Comment s'y prendre ? Il est important que vos processus d’entreprise et systèmes, mais aussi votre équipe, se chargent d’une partie du travail financier standard, afin que vous puissiez hisser votre service au niveau supérieur pour envisager l’avenir avec le client.
Tout commence par la résolution : 'Je vais prendre le temps de le faire'. Le temps ne se présente jamais spontanément, vous devez le planifier dans votre agenda. En continuant à dire que vous n’avez pas le temps, rien ne va changer.
Et qu’allez-vous alors faire concrètement ? Vous pouvez par exemple entamer deux fois par an le dialogue avec le client, en ne mettant pas l'accent sur les chiffres. Mais en lui demandant tout simplement : 'Comment allez-vous ? Comment les choses se sont-elles passées l’année dernière ? Où voulez-vous aller ? Quels sont vos objectifs ? Êtes-vous satisfait ? Qu'aimeriez-vous voir changer ? Que voulez-vous atteindre dans 10 ans ? Pourquoi faites-vous tout cela au fond ?' Voilà déjà une série de questions qui vous prendront une bonne heure. Dans ce type d’entretiens, vous découvrez que le client souhaite quelque chose, et vous pouvez l’aider à l'obtenir. Il en résulte des services de conseil orientés sur le service.”
Voyez-vous déjà de grandes différences entre les bureaux d’experts-comptables aux Pays-Bas ?
“Oui. Il y a toujours des bureaux qui travaillent de manière réactive. Cela signifie que vous attendez que le client vous remette quelque chose, que vous traitez ensuite. Vous pouvez continuer ainsi éternellement. Vous attendez qu’un prospect, qui a ouï dire que vous étiez un bon expert-comptable, vous appelle. Tout cela est réactif.
Heureusement, vous avez aussi un certain nombre d'experts-comptables qui sont proactifs. Qui inversent les choses. Ils prennent l’initiative d'engager le dialogue avec le client, sur ses projets pour 2022, par exemple. Si vous travaillez volontiers avec des clients qui apprécient énormément une approche proactive, vous devrez agir au niveau Sales et Marketing. De cette manière, ces clients trouveront plus facilement votre bureau.”
Les Pays-Bas sont-ils en avance sur la Belgique ?
“Je pense que nous avons une longueur d'avance dans certains domaines. Les clients néerlandais trouvent normal que leur expert-comptable ne se contente pas d'enregistrer des chiffres. Ils posent également d’autres questions. En fait, j’ai du mal à me prononcer à ce sujet.”
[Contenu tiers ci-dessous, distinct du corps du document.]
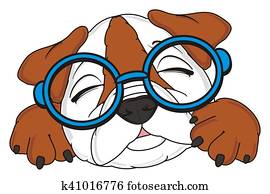 puppy of english bulldog puppy of english bulldog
Une autre tendance frappante est la vague de consolidation qui fait rage dans le secteur de la comptabilité, surtout en Flandre. Elle a toujours existé, mais c’est beaucoup plus frappant aujourd'hui. Est-ce également le cas aux Pays-Bas ?
“Ce n’est certainement pas une tendance aux Pays-Bas. Je peux m’imaginer que de plus en plus de bureaux veulent fusionner. À un moment donné, la quantité de logiciels dont vous avez besoin en tant que (petit) bureau n’est peut-être plus envisageable. Il n’est pas facile de réaliser le 'bon' puzzle numérique. Sans oublier le prix de revient.”
Au fond, vous êtes assez pessimiste quant aux petits bureaux ?
“Pas nécessairement. Ainsi, en tant que petit bureau, vous pourriez peut-être sous-traiter la comptabilité à une petite usine comptable, comme nous l’appelons ici. C'est vous qui gardez le contrôle, en d’autres termes vous entretenez le contact avec le client. Je vois également apparaître d’autres modèles.”